How well these parameters can be adapted to camelids, remains speculative. Urine output may be the most technically challenging parameter to monitor in this species and is commonly (even if crudely) evaluated via determination of voiding frequency rather than exact assessment of urine quantity. Lack of observed urination (< 3 times a day in adults and < 5 times a day in neonates) in intermittently, but closely monitored animals may be a good indicator of inadequate end-organ (renal) perfusion. In general, the clinical application of early goal-directed therapy in critically ill llamas and alpacas at the author's teaching hospital has significantly enhanced the understanding, monitoring and safety of fluid therapy in this species. Extrapolated parameters that we aim to restore and maintain in camelids, commonly include the following:
· CVP of 4–6 mmHg
· MAP ≥ 65 mmHg or normalized pulse quality
· “Regularly” observed urination (> 3 times per day in adults, > 5 times in neonates)
· Scvo2 ≥ 70%
· Lactate < 2 mmol/l
· Colloid oncotic pressure (COP) > 12 mmHg or total protein > 5 g/dl
Nonetheless, it should be noted that these parameters have only been used empirically over the past 5 years at a single referral clinic and thus merely serve as a guideline in the individual patient management.

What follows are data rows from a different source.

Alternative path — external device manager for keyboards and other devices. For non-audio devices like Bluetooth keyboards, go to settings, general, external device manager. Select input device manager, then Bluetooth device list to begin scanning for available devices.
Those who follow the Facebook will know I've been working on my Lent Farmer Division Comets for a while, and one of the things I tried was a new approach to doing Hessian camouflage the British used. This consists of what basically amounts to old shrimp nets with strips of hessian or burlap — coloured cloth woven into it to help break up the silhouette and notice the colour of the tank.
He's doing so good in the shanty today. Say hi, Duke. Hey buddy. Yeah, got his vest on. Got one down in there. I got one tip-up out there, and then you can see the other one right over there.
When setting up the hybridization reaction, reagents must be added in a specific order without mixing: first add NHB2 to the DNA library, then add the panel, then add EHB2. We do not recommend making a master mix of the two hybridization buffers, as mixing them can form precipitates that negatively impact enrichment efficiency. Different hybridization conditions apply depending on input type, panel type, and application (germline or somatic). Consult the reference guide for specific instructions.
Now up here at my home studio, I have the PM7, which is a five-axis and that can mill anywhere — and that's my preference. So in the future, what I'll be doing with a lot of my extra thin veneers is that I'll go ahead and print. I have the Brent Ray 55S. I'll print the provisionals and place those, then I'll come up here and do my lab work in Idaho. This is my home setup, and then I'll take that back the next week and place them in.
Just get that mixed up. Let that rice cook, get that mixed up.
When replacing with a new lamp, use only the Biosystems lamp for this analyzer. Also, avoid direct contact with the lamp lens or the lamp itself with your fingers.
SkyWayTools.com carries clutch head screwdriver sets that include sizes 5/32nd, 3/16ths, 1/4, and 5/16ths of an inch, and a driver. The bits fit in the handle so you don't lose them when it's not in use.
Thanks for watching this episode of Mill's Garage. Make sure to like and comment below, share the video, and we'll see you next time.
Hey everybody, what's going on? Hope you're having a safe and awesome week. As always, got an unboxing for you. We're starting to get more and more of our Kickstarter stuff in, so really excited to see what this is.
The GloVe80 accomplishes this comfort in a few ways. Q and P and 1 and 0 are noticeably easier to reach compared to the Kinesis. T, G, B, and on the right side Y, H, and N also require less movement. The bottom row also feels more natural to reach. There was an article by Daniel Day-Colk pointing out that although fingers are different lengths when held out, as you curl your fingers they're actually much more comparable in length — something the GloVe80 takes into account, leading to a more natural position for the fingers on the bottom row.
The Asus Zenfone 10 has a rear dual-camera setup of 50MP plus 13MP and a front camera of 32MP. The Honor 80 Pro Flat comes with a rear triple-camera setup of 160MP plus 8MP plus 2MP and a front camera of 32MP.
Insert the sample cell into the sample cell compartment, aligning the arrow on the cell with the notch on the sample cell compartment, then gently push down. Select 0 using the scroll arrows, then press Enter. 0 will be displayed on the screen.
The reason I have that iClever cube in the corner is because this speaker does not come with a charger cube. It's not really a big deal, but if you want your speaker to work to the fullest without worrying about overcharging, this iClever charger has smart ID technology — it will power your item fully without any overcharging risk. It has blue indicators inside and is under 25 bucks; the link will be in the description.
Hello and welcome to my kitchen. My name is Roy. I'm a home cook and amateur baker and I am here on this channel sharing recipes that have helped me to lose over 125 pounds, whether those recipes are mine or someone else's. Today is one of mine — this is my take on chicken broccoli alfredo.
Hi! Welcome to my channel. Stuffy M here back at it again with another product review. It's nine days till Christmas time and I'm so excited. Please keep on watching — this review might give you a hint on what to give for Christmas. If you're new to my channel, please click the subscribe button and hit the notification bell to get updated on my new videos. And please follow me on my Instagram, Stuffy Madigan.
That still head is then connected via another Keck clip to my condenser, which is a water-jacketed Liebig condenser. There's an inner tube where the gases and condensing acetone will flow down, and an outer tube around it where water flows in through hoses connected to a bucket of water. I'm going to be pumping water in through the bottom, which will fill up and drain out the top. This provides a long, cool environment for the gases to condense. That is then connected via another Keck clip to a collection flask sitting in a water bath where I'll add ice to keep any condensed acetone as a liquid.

Although continuous rate infusion is generally preferred once basic volume deficits are replaced, initial fluid therapy in significantly hypovolemic camelids commonly includes 20 ml/kg fluid boluses over 15 – 30 minutes, predominantly guided by trend changes in central venous pressures (CVPs).
Fluid therapy in camelids with respiratory illness
Adequate gas exchange not only depends on alveolar ventilation, but also on perfusion and diffusion capacity. Preservation of pulmonary and systemic perfusion is thus essential in the treatment of compromised camelids (especially neonates). However, a protocol of conservative fluid management is often indicated in the treatment of camelids with lung dysfunction, especially those related to immaturity and pulmonary inflammation (e.g. septic pneumonia, acute lung injury) to counteract edema formation. This balance is best achieved by the principles of goal directed fluid therapy.
However, the central venous pressure (CVP) targets should be lowered to 2-4 mmH2O in camelids with pulmonary inflammation, as long as urine production and end organ perfusion is preserved. Conservative colloid administration may be superior to crystalloid therapy in this patient group, especially in the face of hypoproteinemia. It has been stated that even modest decreases in pulmonary vascular pressure can reduce pulmonary edema in patients with acute lung injury.